_Data for this exercise_:
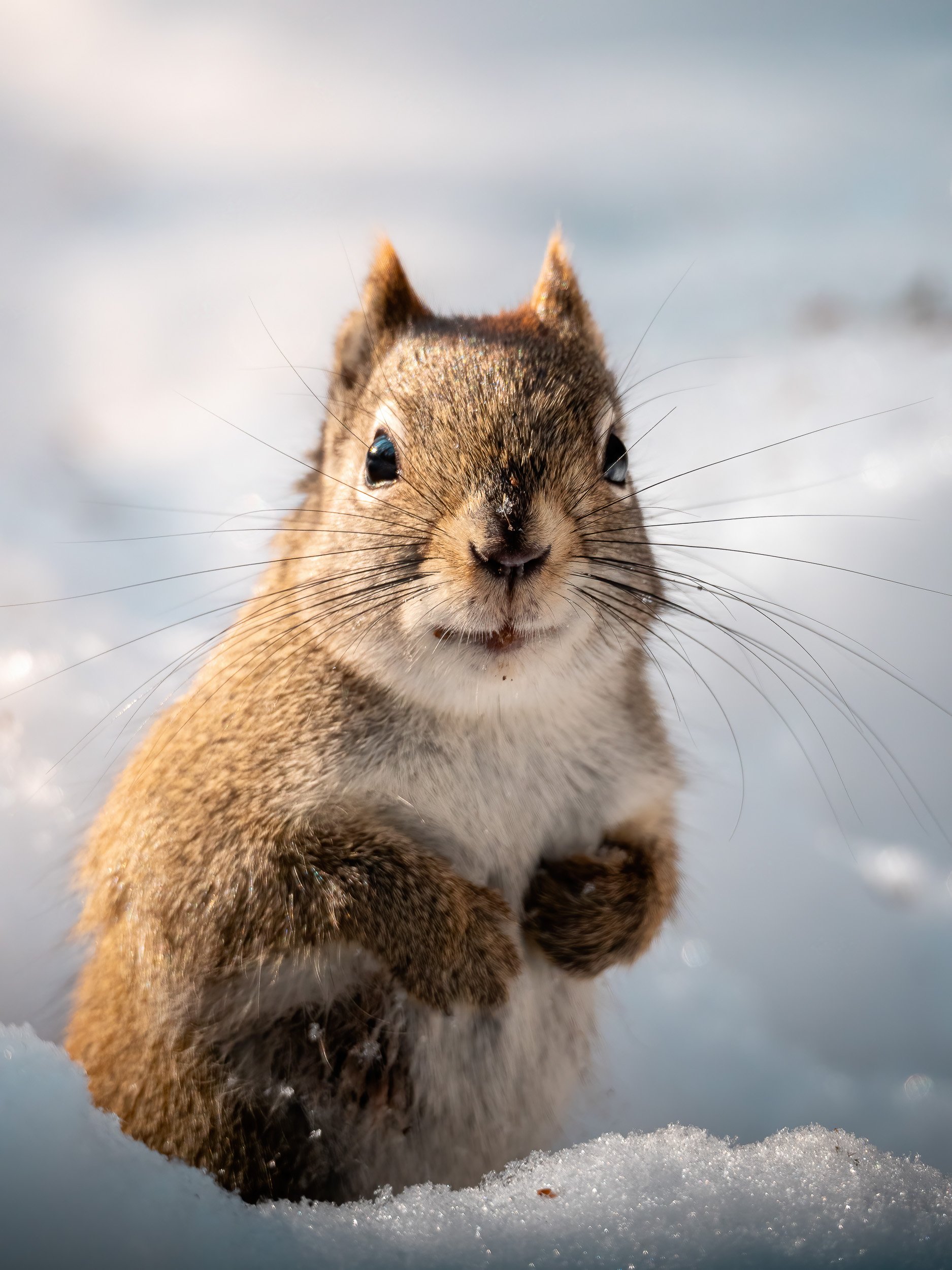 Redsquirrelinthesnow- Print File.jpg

==

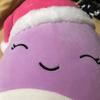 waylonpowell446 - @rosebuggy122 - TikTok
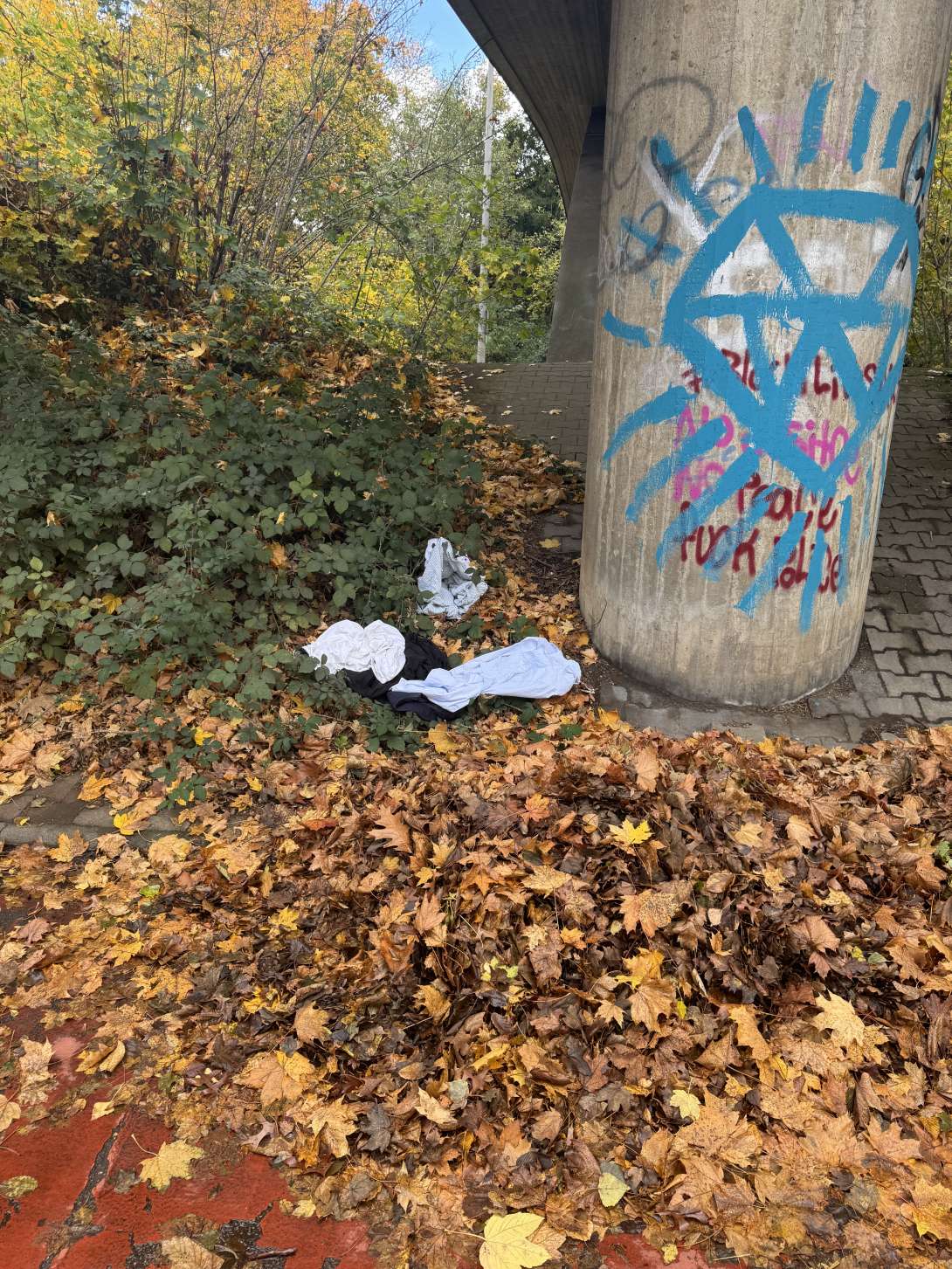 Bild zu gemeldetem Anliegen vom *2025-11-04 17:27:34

_Your instructions_: Return the material from the line containing "waylonpowell446 - @rosebuggy122 - TikTok" through the line containing "Bild zu gemeldetem", exactly and in full, but without its pictures.

_Reply_:
 waylonpowell446 - @rosebuggy122 - TikTok
 Bild zu gemeldetem Anliegen vom *2025-11-04 17:27:34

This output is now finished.